There was then a tense wait to see if the therapy had worked, but it became apparent quite quickly that Opal could hear.

“It was about three weeks post-surgery, which was about a week after her implant had been turned on,” Mrs Sandy explained.

“So we were sort of in the routine of testing quite loud sounds like banging, clapping, wooden spoons on saucepans, that kind of really intermittent loud noise.

“I was testing that with her implant on and hadn’t realised that her implant had actually come off, and she turned to pretty loud clapping. When she first turned, I couldn’t believe it.

“I thought it was a fluke or like a change in light or something that had caught her eye, but I repeated it a few times.

“I picked my phone up and texted James, and said ‘I think it’s working’. I was absolutely gobsmacked. I thought it was a fluke.”

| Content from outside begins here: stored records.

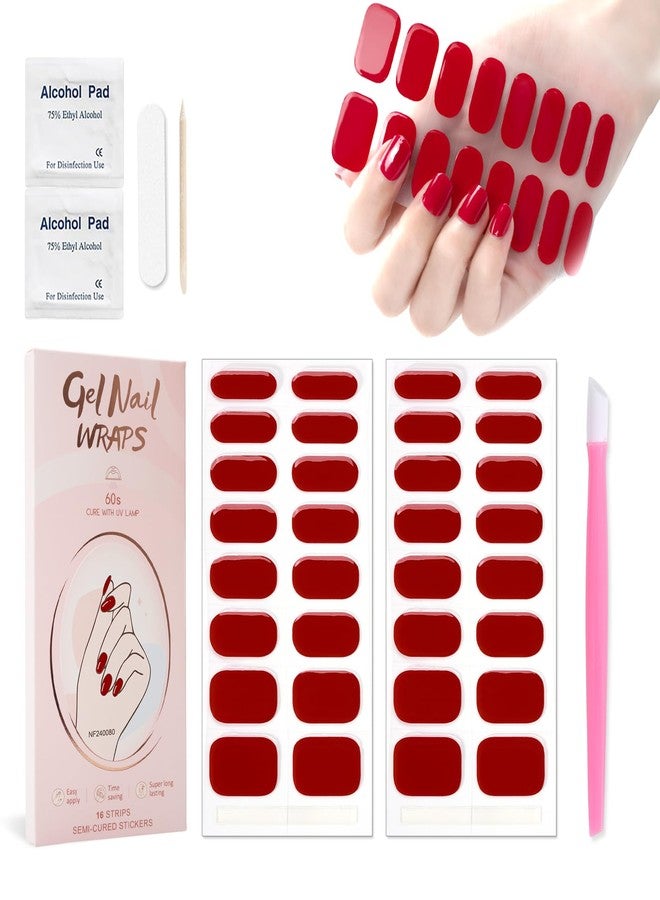 JERCLITY 2 Sheets 32pcs Semi Cured Gel Nail Strips, Gel Nail Wraps Needed LED Lamp to Cured, Ease to Use and Removal, Come with 2 Prep Pads,1 Nail File,1 Wooden Cuticle Stick(Red Passion) - Image 1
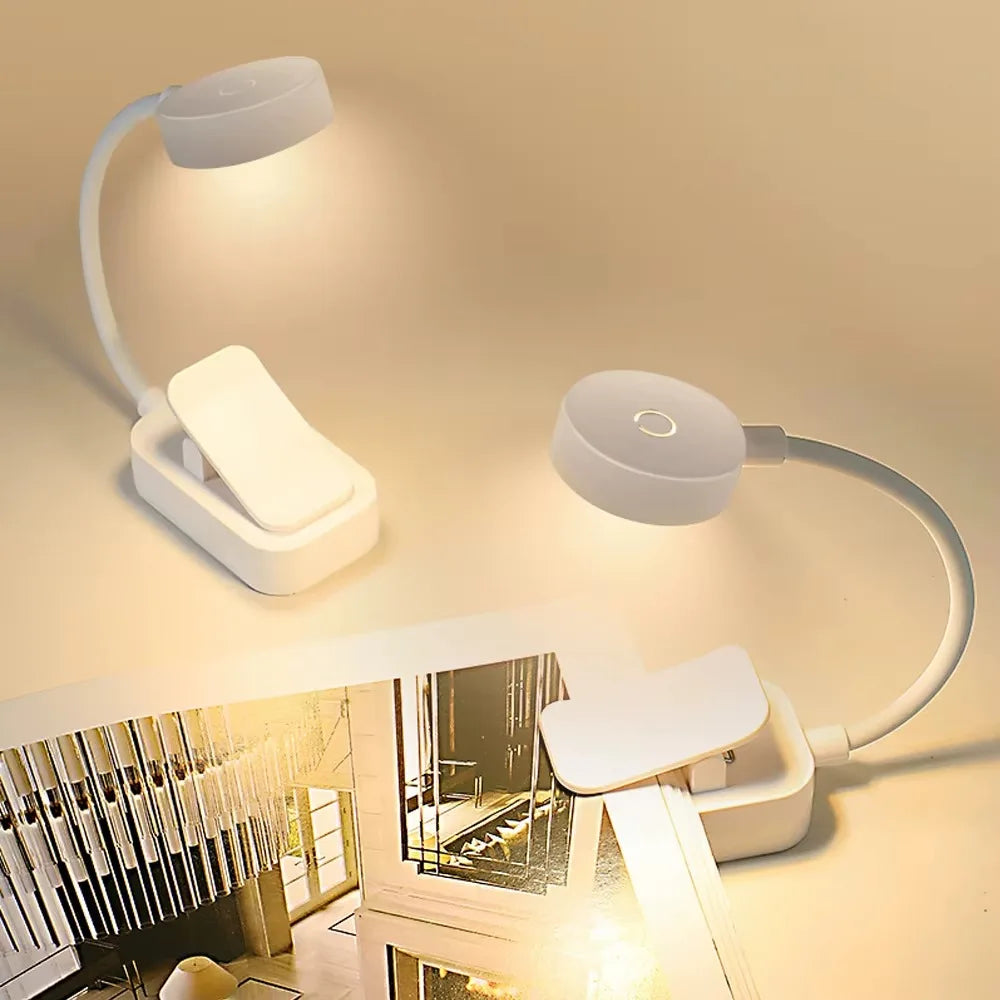 Mini LED Reading Book Light Table Lamp 3 Modes Adjustable USB Rechargeable Clip-On Study Reading Lamp for Travel Bedroom Book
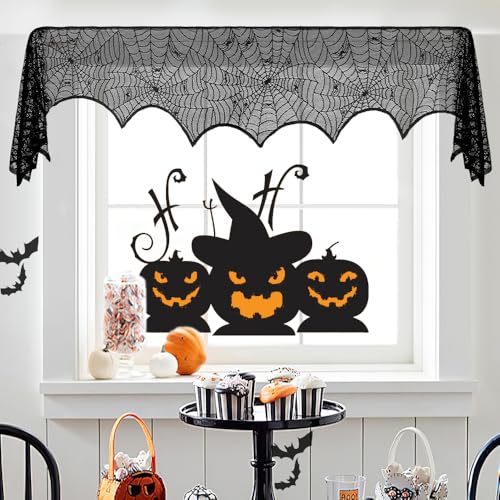 Spidernet Black Lace Spiderweb Fireplace Mantel Scarf - Halloween Decor 96x18 Inch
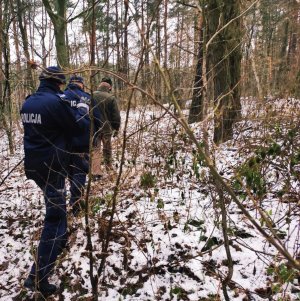 obraz przedstawia policjantów i leśnika na tle masywu leśnego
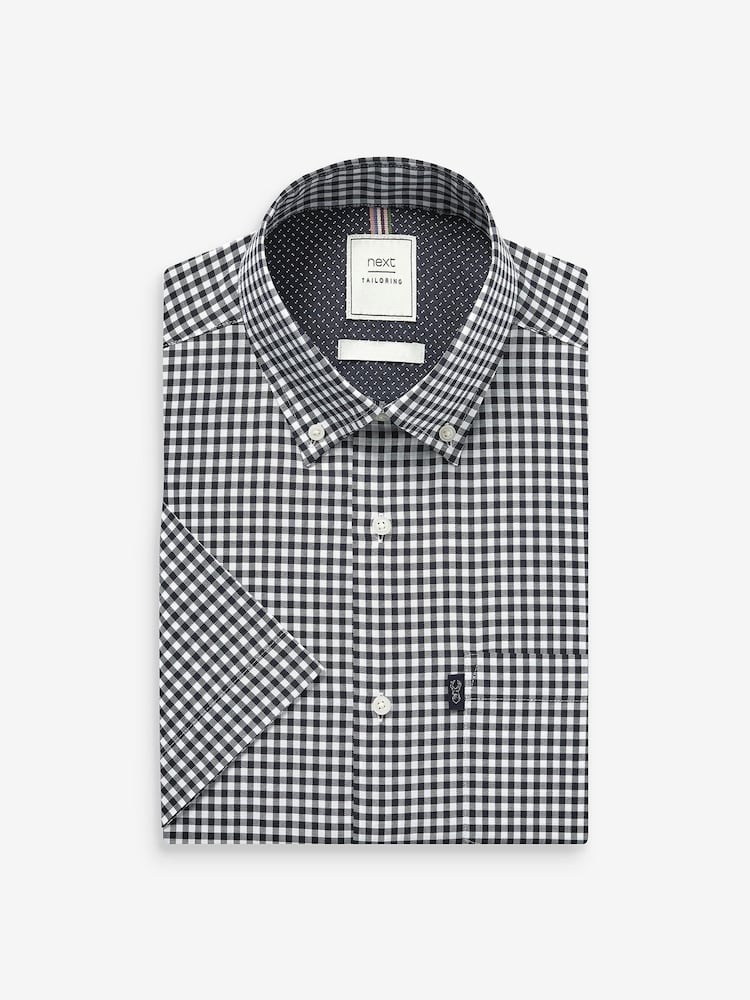 Carreaux vichy bleu marine/blanc - Standard - Chemise Oxford Easy Iron boutonnée à manches courtes - Image 3 of 4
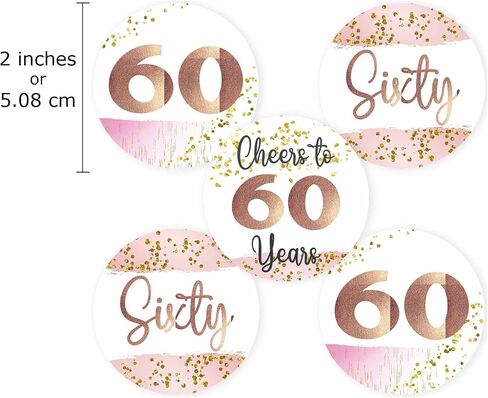 60th Birthday Sticker Labels by Adore By Nat - Sixty Party Favors Celebration in Rose Gold - Set of 30 in Saudi Arabia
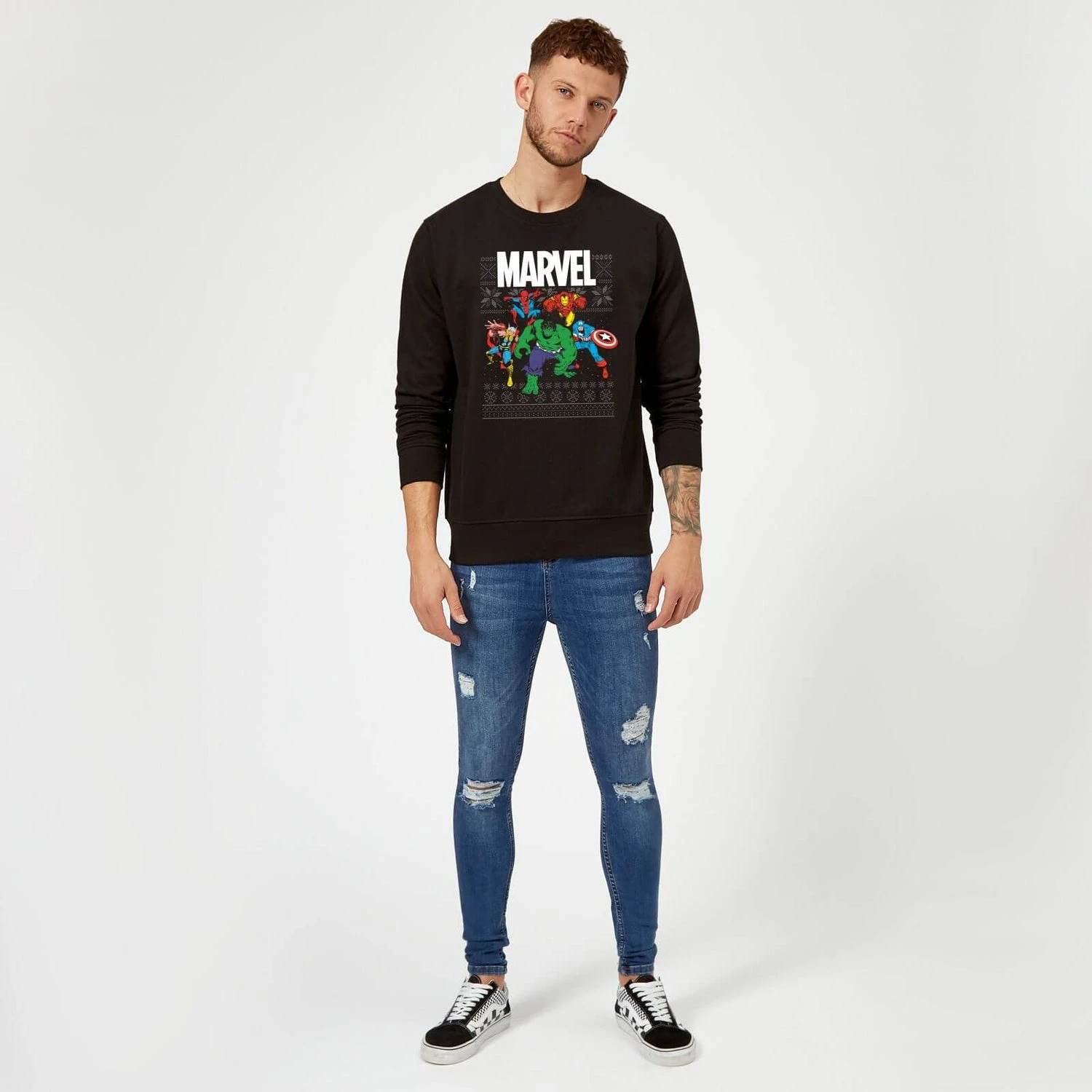 Marvel Avengers Group Christmas Jumper - Black 5 Marvel Avengers Group Christmas Jumper - Black - Image 3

The couple had been told they might notice a change within the first six weeks, hence Mrs Sandy’s surprise.

“I couldn’t really believe it,” she said. “It was … bonkers.”

She added that “there is no way in a million years I thought that Opal would be able to turn to sound without wearing an implant”.

Some 24 weeks after surgery, in February this year, tests in Cambridge showed Opal could also hear soft sounds such as a whisper.

“The audiologist played back some of the sounds that she was responding to and they were ridiculously quiet sort of sounds that in the real world wouldn’t catch your attention during a conversation,” Mrs Sandy said.

Now, even without the implant in her left ear, Opal can hear perfectly well thanks to the gene therapy.

Mrs Sandy said: “Without an implant, she can understand basically the same things that she can understand when it’s on, so ‘Opal, where’s your nose? ‘Where’s daddy?’ ‘Who’s at the door?’ ‘Bye bye’ …sort of basic language acquisition, that she can understand just as well with her implant on and off.”

Mr Sandy said he noticed a “massive” improvement in the 18 to 24 weeks post-surgery and the “big moment” was hearing from the team at Cambridge University Hospitals that Opal had near-normal hearing at 24 weeks.

Mrs Sandy added: “Certainly since February, we’ve noticed her sister waking her up in the morning because she’s running around on the landing, or someone rings on the door so her nap’s cut short.

“She’s definitely responding more to sort of what we would call functional sounds rather than just sounds that we use to test her.

“We were told she had near normal hearing last time – I think they got responses at sort of 25 to 30 decibels.

“I think normal hearing is classed at 20 decibels, so she’s not far off. Before, she had no hearing whatsoever.”

Opal has also started speaking in the last six weeks.

“She’s good at all your common first baby words, so ‘daddy’ is a favourite, ‘uh oh’, ‘bye bye’,” Mrs Sandy said.

As for playing, Mrs Sandy said both Nora and Opal like “seeing who can make the most noise”.

She joked: “I always said I’d never get annoyed with them making noise and I do get annoyed with them making noise.

“So, Opal loves playing with her little musical instrument set … playing the drums, playing her little piano, tapping some of her wooden blocks and things like that.

“She’s started becoming more interested in books, so like lots of lift the flap books, ‘where’s Spot?’…those kinds of really interactive books, she really likes.

“She loves slamming her cutlery on the table asking us where her dinner is.

“Nora got into music quite recently and (Opal) likes put her arms up and does little dances in the kitchen.

“So they like dancing together. Nora likes reading to her, they like fighting, they like jumping off the sofa.”